Theorem 12 (Chebyshev’s inequality). Let \(X\) be a random variable with finite variance. Then, for any \(k>0\), \[\mathbb{P}(|X-\mathbb{E}[X]|\geq k) \leq \frac{\operatorname{Var}(X)}{k^2}.\] Equivalently, for \(t>0\), \[\mathbb{P}(|X-\mathbb{E}[X]|\geq t\sqrt{\operatorname{Var}(X)})\leq \frac1{t^2}.\]
Proof. Let \[Y=(X-\mathbb{E}[X])^2.\] Then \(Y\geq 0\). By Markov’s inequality, \[\mathbb{P}(|X-\mathbb{E}[X]|\geq k) =\mathbb{P}((X-\mathbb{E}[X])^2\geq k^2) \leq \frac{\mathbb{E}[(X-\mathbb{E}[X])^2]}{k^2} =\frac{\operatorname{Var}(X)}{k^2}.\] ◻
8.3.2 Comparison with Markov for a binomial tail
This subsection shows that Chebyshev’s inequality improves Markov’s inequality for a binomial upper tail because it uses the variance.
Example 13 (Binomial tail: Markov versus Chebyshev).
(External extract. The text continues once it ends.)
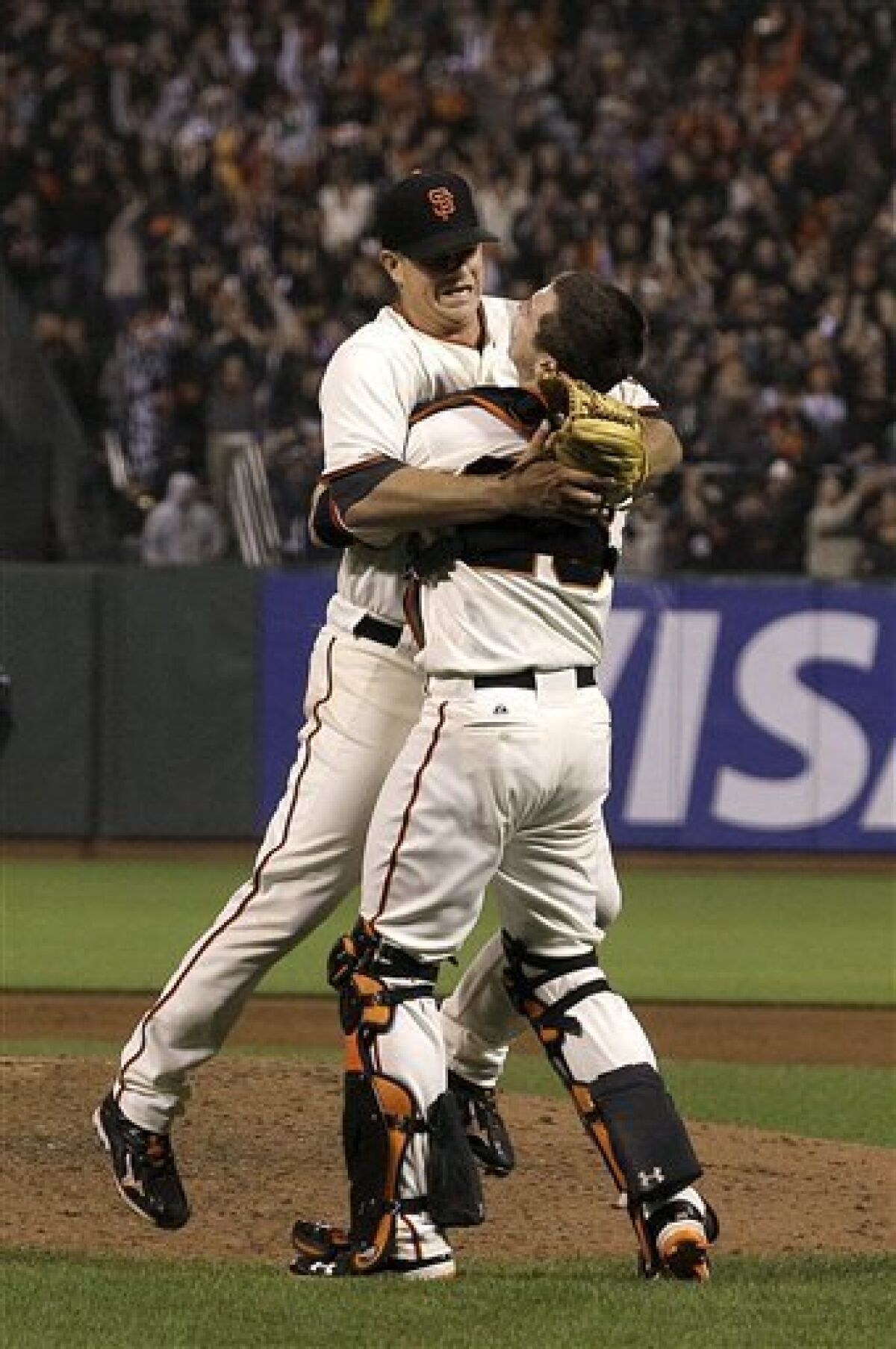 San Francisco Giants pitcher Matt Cain, left, celebrates with catcher Buster Posey after the final out of the ninth inning of a baseball game against the Houston Astros in San Francisco, Wednesday, June 13, 2012. Cain pitched the 22nd perfect game in major league history and first for the Giants, striking out a career-high 14 and getting help from two spectacular catches to beat the Houston Astros 10-0. (AP Photo/Jeff Chiu)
Suppose \(X\sim \operatorname{Binomial}(n,p)\) and \(p<q<1\). Compare Markov’s and Chebyshev’s bounds for \(\mathbb{P}(X\geq qn)\).
Markov’s inequality gives \[\mathbb{P}(X\geq qn)\leq \frac pq.\] For Chebyshev’s inequality, note that \[\mathbb{E}[X]=np, \qquad \operatorname{Var}(X)=np(1-p).\] Since \(q>p\), \[\{X\geq qn\}\subseteq \{|X-np|\geq (q-p)n\}.\] Therefore \[\mathbb{P}(X\geq qn) \leq \mathbb{P}(|X-np|\geq (q-p)n) \leq \frac{np(1-p)}{(q-p)^2n^2} = \frac{p(1-p)}{(q-p)^2n}.\] Unlike the Markov bound, this bound goes to \(0\) as \(n\to\infty\).
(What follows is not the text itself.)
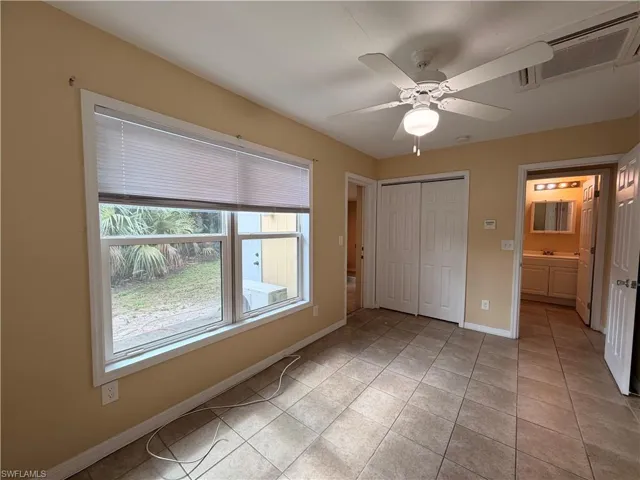 Unfurnished bedroom featuring light tile patterned floors, ceiling fan, and a closet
Practice Problem 14 (Sample mean bound). Let \(X_1,\ldots,X_n\) be iid with mean \(\mu\) and variance \(\sigma^2\). Let \(\bar X_n=n^{-1}\sum_{i=1}^n X_i\). Use Chebyshev’s inequality to bound \(\mathbb{P}(|\bar X_n-\mu|\geq \varepsilon)\).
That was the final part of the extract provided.